The Growth of Understanding

by Michael Parker

Published 20 October 1995
This title is of relevance to all those interested in the debate between individualistic, communitarian and other social explanations of human experience. It presents a consistent and wide-ranging argument against both individualistic and also some social theories of human nature through an investigation into the possibility of shared human understanding. In the first years of their lives human beings come to share in an understanding with others, to be able to participate in social life and to behave in socially meaningful ways. This book argues that the very possibility of the growth of this kind of shared, communal understanding requires that the human world must be from the start essentially social and must involve in particular the negotiation of meaning in intersubjective contexts between persons. It goes on to argue that this implies that approaches to the growth of human understanding which see human life as an intrinsically individual process must be rejected for their inability to explain the fundamental nature of social reality.

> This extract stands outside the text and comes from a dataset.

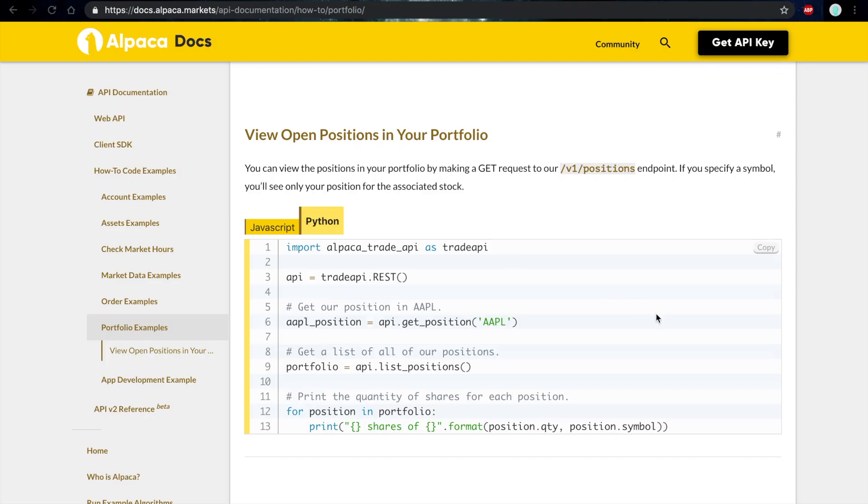Hi, this is Alex from Alpaca, and today we're going to talk about how to list your open positions in your portfolio.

Interestingly and notwithstanding such arguments, the book also reveals fatal weaknesses in "communication" and other social approaches to the explanation of social reality and argues that these too must be rejected for their inability, ironically, to account for the existence and persistence of communities. The final chapters argue that explanation of the fundamental nature of social reality is only possible by a "conversational ontology" within which the negotiation of meaning in intersubjective contexts of dialogue is recognized in the transforming and developmental fundamental of human experience.